INT.[sin^2(X)cosX]dX
= INT.[sin^2(X)]cosX dX

if u were sinX, then du = cosX dX, so

= (1/3)sin^3(X) +C

**DivideBy0** · October 13th 2007, 12:04 AM

I personally would use u-substitution. Notice that $\cos{x}$ is the derivative of $\sin{x}$ , so it works nicely.
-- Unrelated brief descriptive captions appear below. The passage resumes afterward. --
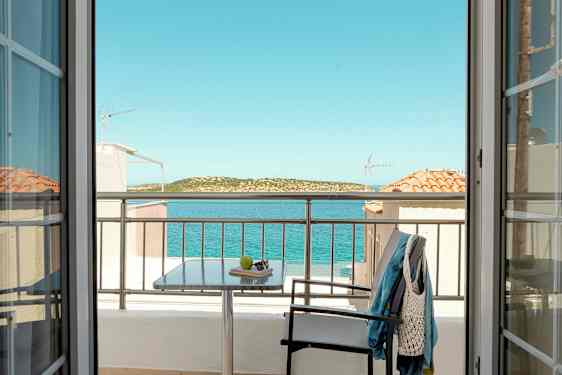 Utsikt från ett rum genom dörrar mot en balkong med bord, stol och klädesplagg, samt hav och landskap i bakgrunden. (AI-genererad text)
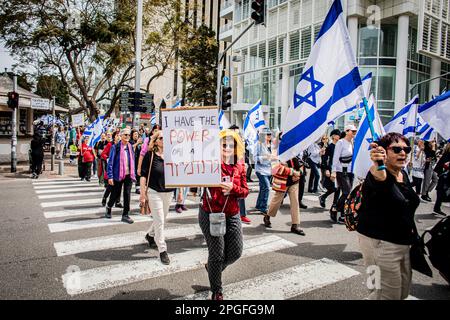 Tel Aviv, Israel. 22. März 2023. Eine Frau hält ein Plakat, wenn sie während eines Protests gegen die Justizreform die Straße überquert. In Jerusalem und Tel Aviv fanden Proteste gegen die Justizreform der Regierung statt, wobei mehrere Regierungsminister ins Visier genommen wurden, als die Koalition ihre umstrittenen Pläne vorantreibt. (Foto: Eyal Warshavsky/SOPA Images/Sipa USA) Guthaben: SIPA USA/Alamy Live News Stockfoto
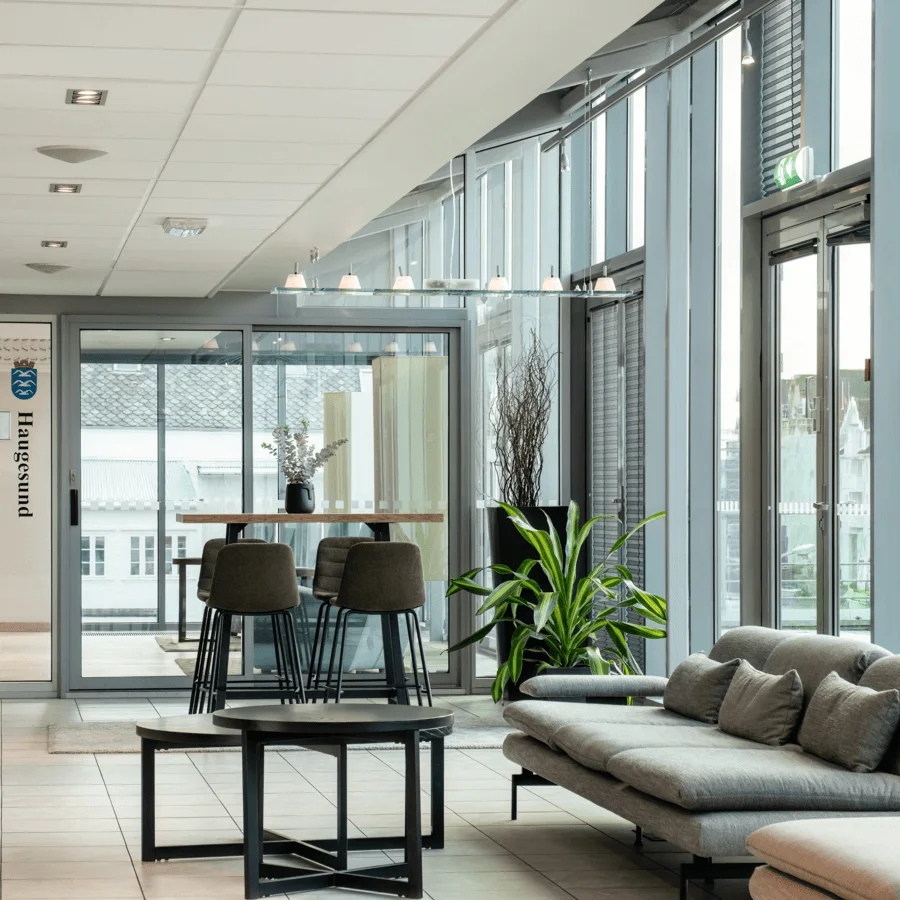 Ett modernt kontorsloungeområde har en grå soffa, ett runt soffbord och höga stolar nära en glasdörr med texten "Haugesund". Skyltar visar "Finnøy" och "Remesøy". Naturligt ljus strömmar genom stora fönster.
Let $u=\sin{x}$ , then $\,du=\cos{x}\,dx$

So that turns the integral into

$\int u^2 \,du=\frac{u^3}{3}+C$

Now substituting $\sin{x}$ back into u:

$=\frac{(\sin{x})^3}{3}+C$

(Didn't see u post ticbol) :P

**UbikPkd** · October 13th 2007, 12:10 AM

thats great, thanks a lot!

**DivideBy0** · October 13th 2007, 12:33 AM

Unfortunately there is no easy generalisation for nth powers, you have to use reduction formulas. Here are some of them. You could try to derive them using integration by parts, if you've learnt that.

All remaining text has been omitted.